First I will call for a scatter plot to visualize the correlation between these two variables.
library(car)
scatterplot(mydata$BMI, mydata$TumorSize)
We can observe that there is a really weak relationship between the Body Mass Index and the Tumor Size in the patients.
shapiro.test(mydata$BMI)
##
## Shapiro-Wilk normality test
##
## data: mydata$BMI
## W = 0.94805, p-value < 2.2e-16
shapiro.test(mydata$TumorSize)
##
## Shapiro-Wilk normality test
##
## data: mydata$TumorSize
## W = 0.95583, p-value < 2.2e-16
We can observe that for these two variables we have a p-value < 0.05, which means that both variables violate normality, for this reason we will use Spearman’s Correlation coefficient to determine correlation between the two.
library(Hmisc)
##
## Attaching package: 'Hmisc'
## The following objects are masked from 'package:dplyr':
##
## src, summarize
## The following objects are masked from 'package:base':
##
## format.pval, units
rcorr(mydata$BMI, mydata$TumorSize, type = "spearman")
## x y
## x 1.00 0.05
## y 0.05 1.00
##
## n= 1000
##
##
## P
## x y
## x 0.1536
## y 0.1536
In this case we can conclude that even the data shows that there is a coefficient equal to 0.05 (very weak correlation), the p value is equal to 0.1465, reason why we fail to reject the null hypothesis and we can’t say that the relationship between them is of statistical significance. We can conclude that there is no correlation between the BMI and the tumor size in patients when they are fisrt diagnosed.
#RQ3
#Is there an association between the race/ethnicity of the patients and the type of cancer that they were diagnosed with?

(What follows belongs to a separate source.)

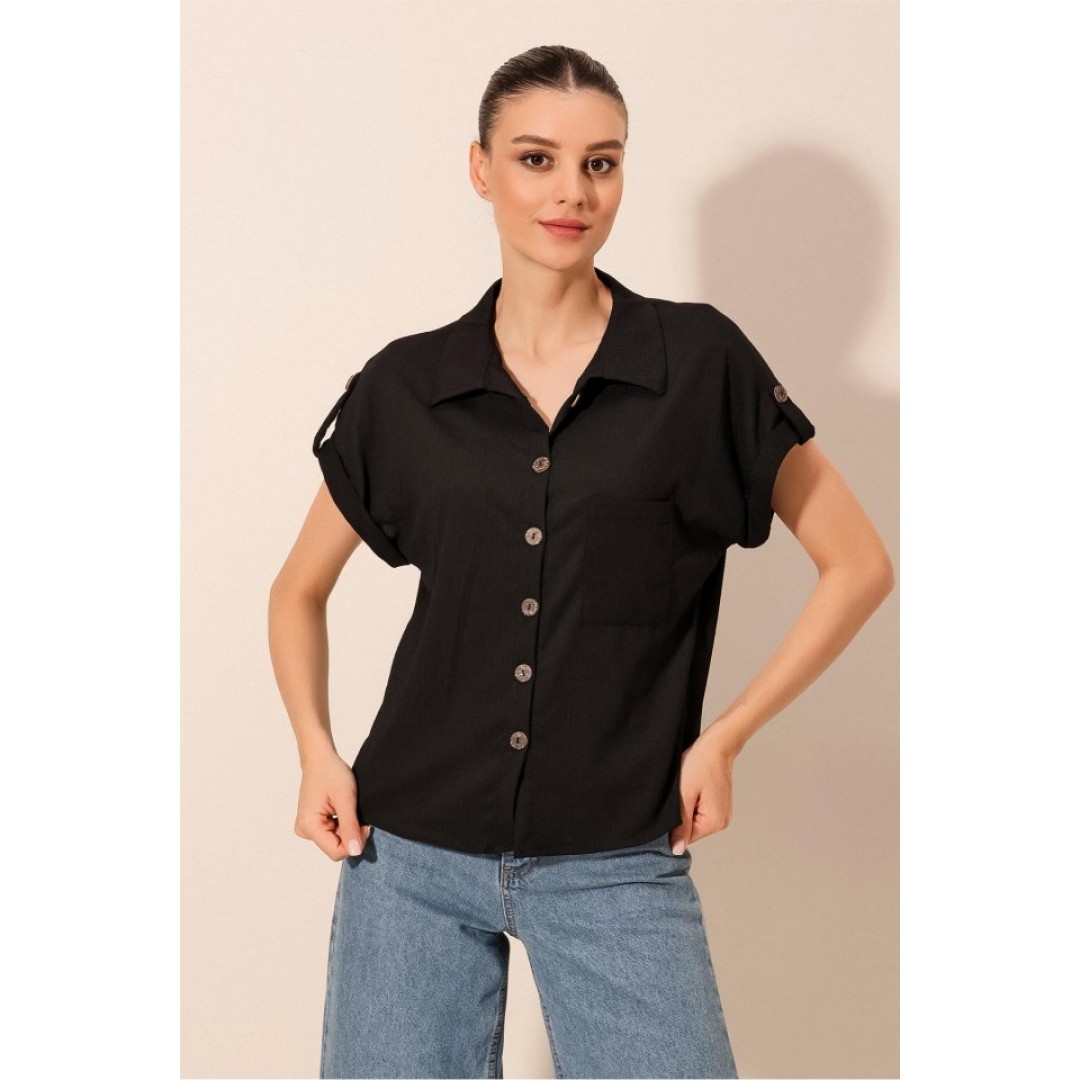 20187 Kısa Kol Oversize Örme Gömlek - Siyah 90830 20187 Kısa Kol Oversize Örme Gömlek - Siyah 90830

ho: Race and CancerType are not associated h1: Race and CancerType are associated
mytable <- table(mydata$Race, mydata$CancerType)
print(mytable)
##
## Breast Colon Leukemia Lung Prostate Skin
## African American 32 30 32 39 46 30
## Asian 39 37 27 25 45 30
## Caucasian 23 37 33 31 21 32
## Hispanic 31 44 30 33 33 33
## Other 43 34 24 37 36 33
In this chunk I created a table which I stored into a new data set which shows how much people have a type of cancer within the same ethnic group.

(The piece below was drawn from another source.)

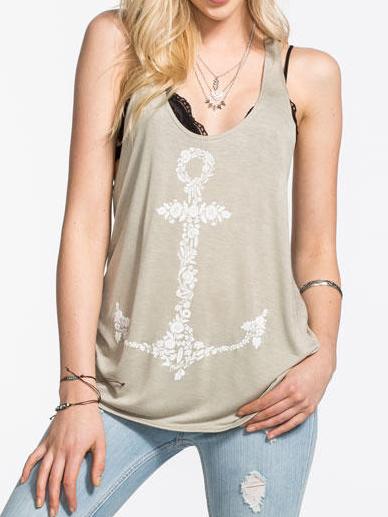 Romwe Anchors Print Tank Top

chi_squared <- chisq.test(mytable,
correct = FALSE)
chi_squared
##
## Pearson's Chi-squared test
##
## data: mytable
## X-squared = 24.391, df = 20, p-value = 0.2257
The Chi-Square test shows that we fail to reject the null hypothesis (p>0.05), which means that we cannot say that there is a statistical association between the race of a patient and the type of cancer which they got diagnosed with.

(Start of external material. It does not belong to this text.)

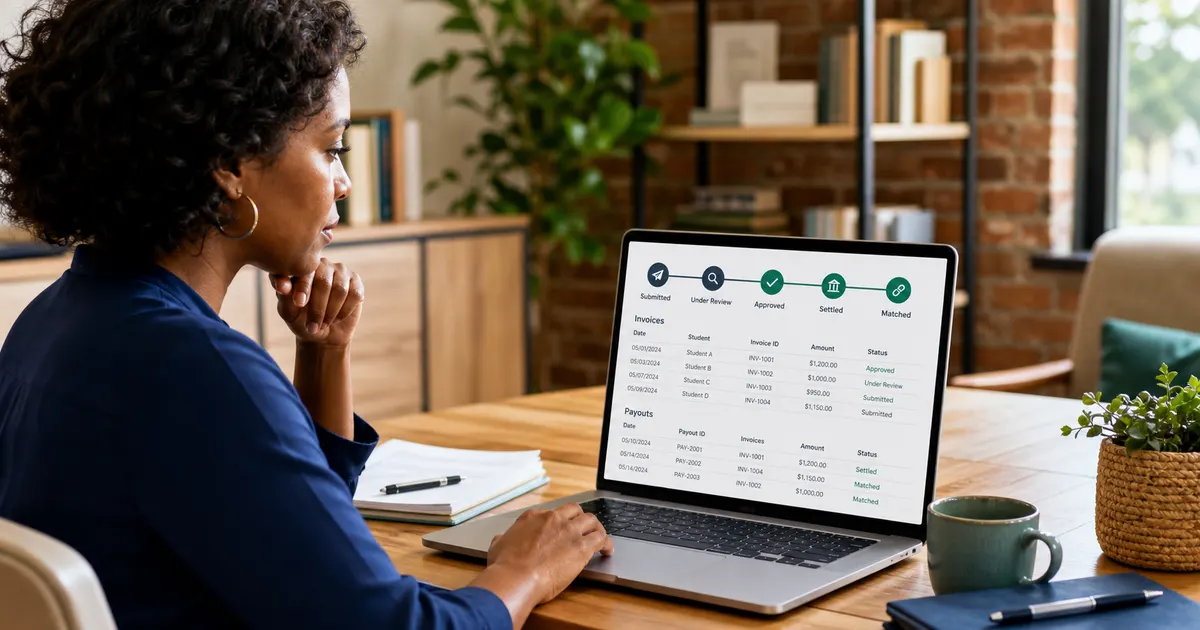 ESA provider reviewing ClassWallet submission, review, approval and settlement statuses for Alabama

addmargins(chi_squared$observed)
##
## Breast Colon Leukemia Lung Prostate Skin Sum
## African American 32 30 32 39 46 30 209
## Asian 39 37 27 25 45 30 203
## Caucasian 23 37 33 31 21 32 177
## Hispanic 31 44 30 33 33 33 204
## Other 43 34 24 37 36 33 207
## Sum 168 182 146 165 181 158 1000
round(chi_squared$expected,2)
##
## Breast Colon Leukemia Lung Prostate Skin
## African American 35.11 38.04 30.51 34.48 37.83 33.02
## Asian 34.10 36.95 29.64 33.49 36.74 32.07
## Caucasian 29.74 32.21 25.84 29.20 32.04 27.97
## Hispanic 34.27 37.13 29.78 33.66 36.92 32.23
## Other 34.78 37.67 30.22 34.16 37.47 32.71
round(chi_squared$res,2)
##
## Breast Colon Leukemia Lung Prostate Skin
## African American -0.53 -1.30 0.27 0.77 1.33 -0.53
## Asian 0.84 0.01 -0.48 -1.47 1.36 -0.37
## Caucasian -1.24 0.84 1.41 0.33 -1.95 0.76
## Hispanic -0.56 1.13 0.04 -0.11 -0.65 0.14
## Other 1.39 -0.60 -1.13 0.49 -0.24 0.05
With these additional chunks we can look into the differences between the empirical numbers that we got from the data and the data that would be expected.
library(effectsize)
effectsize::cramers_v(mytable)
## Cramer's V (adj.) | 95% CI
## --------------------------------
## 0.03 | [0.00, 1.00]
##
## - One-sided CIs: upper bound fixed at [1.00].
We can conclude that we cannot say that there is an statistical association between these two variables (p>0.05), with a tiny effect size.